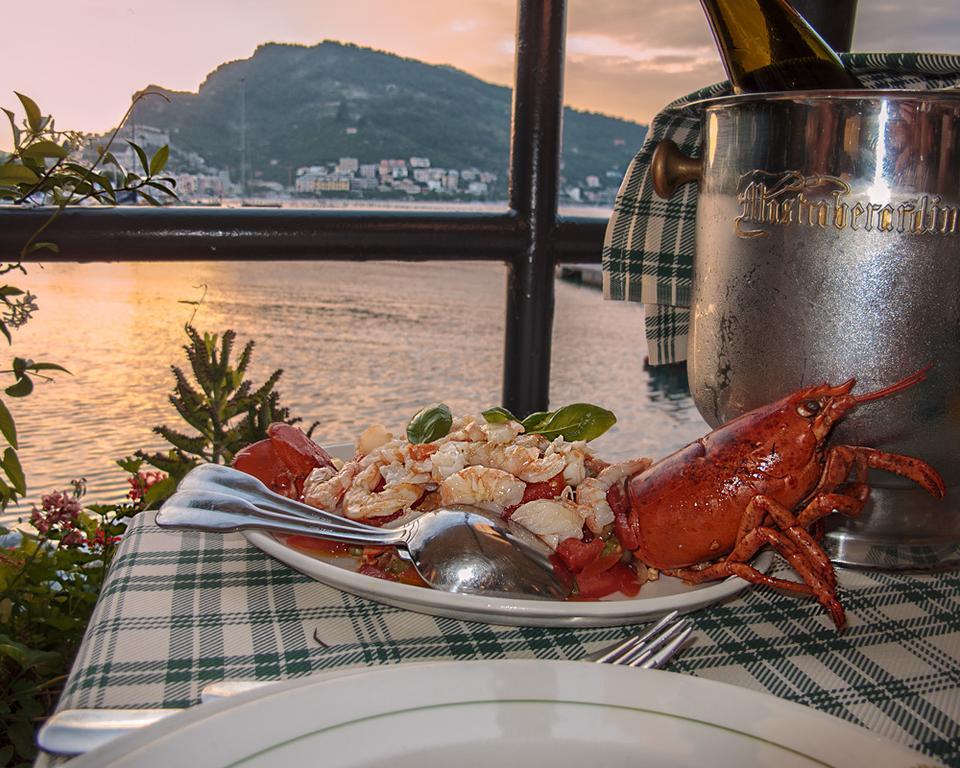 Locanda Lorena Hotel Porto Venere Exterior foto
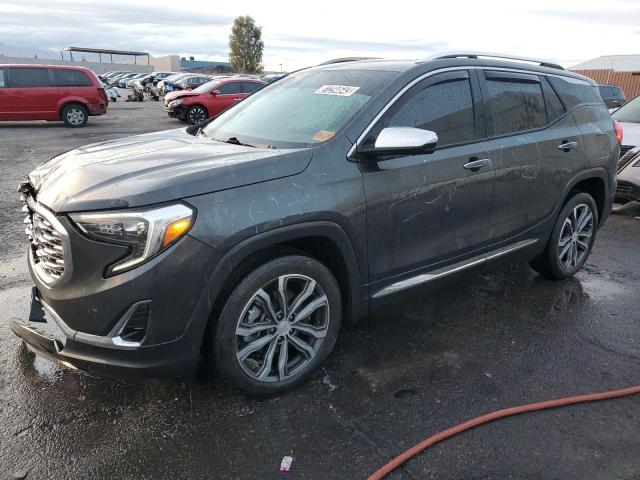 Image 1 of 2020 GMC TERRAIN DENALI 2020 with VIN 3GKALSEX3LL147423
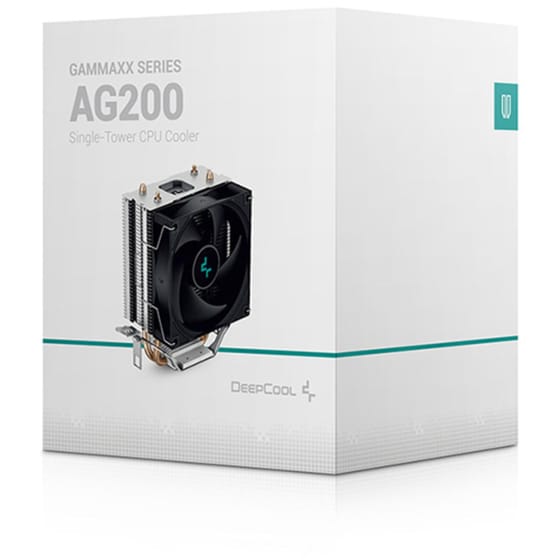 Ψύκτρα Επεξεργαστή Deepcool AG200 199-0327 image 9
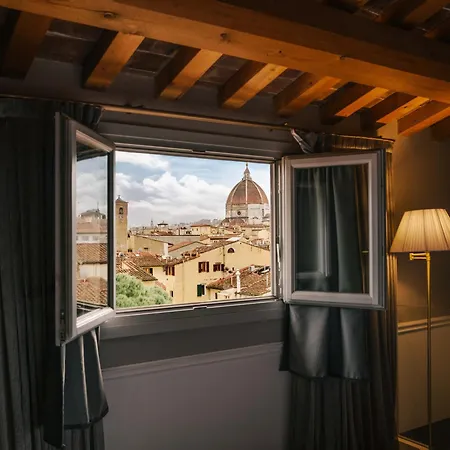 Hotell Palazzo Castri 1874 Spa & Garden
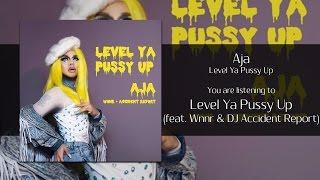 Aja - Level Ya Pussy Up (feat. Wnnr & DJ Accident Report) (Explicit) [Audio]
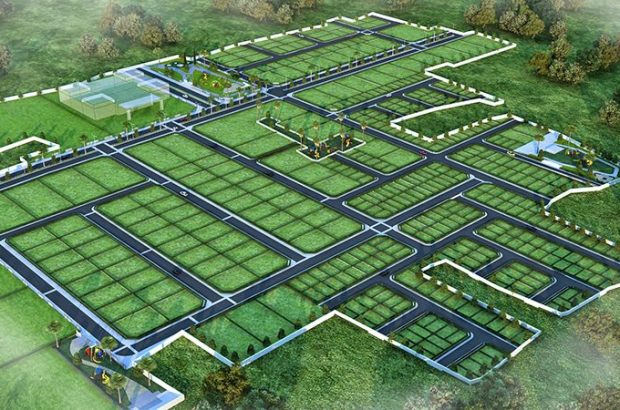 Open plots in Adibatla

# # # # # # #

◆ **Instructions for the task**
Transcribe the listing exactly; skip the pictures.

◆ **Exercise answer**
 Locanda Lorena Hotel Porto Venere Exterior foto
 Image 1 of 2020 GMC TERRAIN DENALI 2020 with VIN 3GKALSEX3LL147423
 Ψύκτρα Επεξεργαστή Deepcool AG200 199-0327 image 9
 Hotell Palazzo Castri 1874 Spa & Garden
 Aja - Level Ya Pussy Up (feat. Wnnr & DJ Accident Report) (Explicit) [Audio]
 Open plots in Adibatla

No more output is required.